SOURCE DATA:
□ □ □
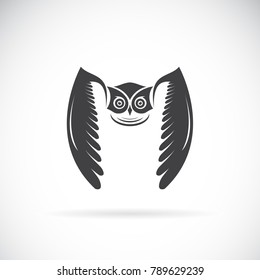 Vector of an owl design on white background. Bird. Wild Animals. Vector illustration.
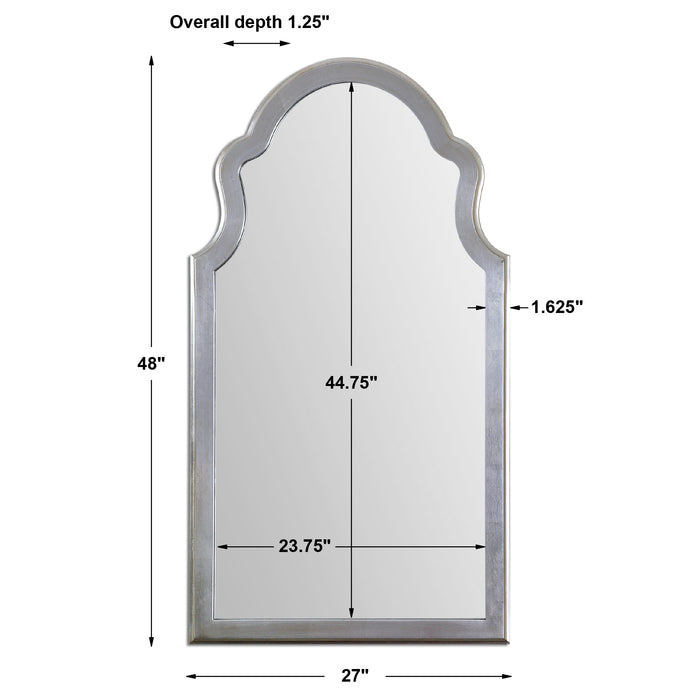 Uttermost Brayden Arched Silver Mirror 14479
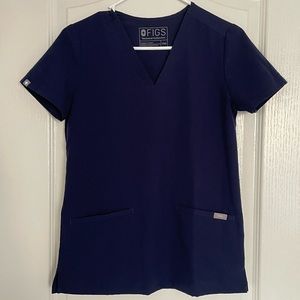 Figs Casma Scrub Top XXS Navy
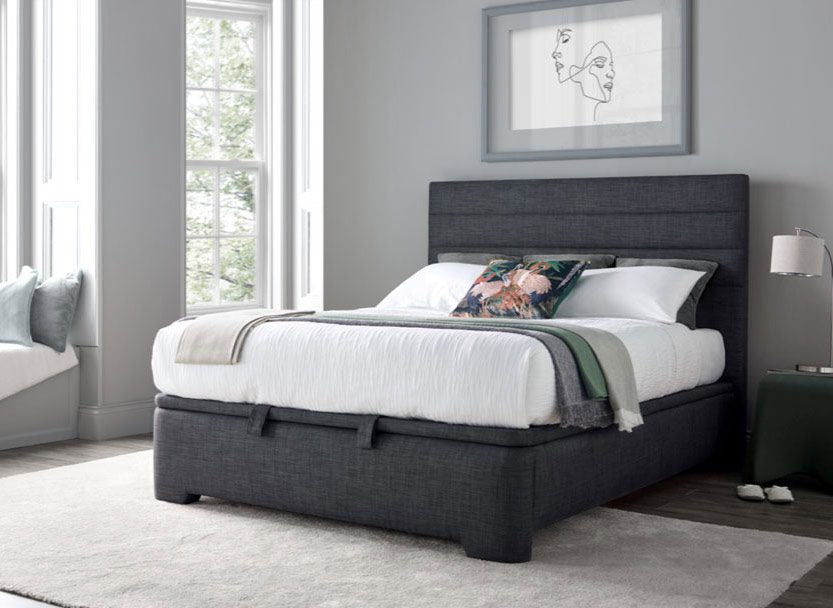 Kaydian Appleby Ottoman Bed Grey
□ □ □
AIM OF THE EXERCISE:
Make an exact copy of the data, leaving its pictures out.

OUTPUT FOR THIS EXERCISE:
 Vector of an owl design on white background. Bird. Wild Animals. Vector illustration.
 Uttermost Brayden Arched Silver Mirror 14479
 Figs Casma Scrub Top XXS Navy
 Kaydian Appleby Ottoman Bed Grey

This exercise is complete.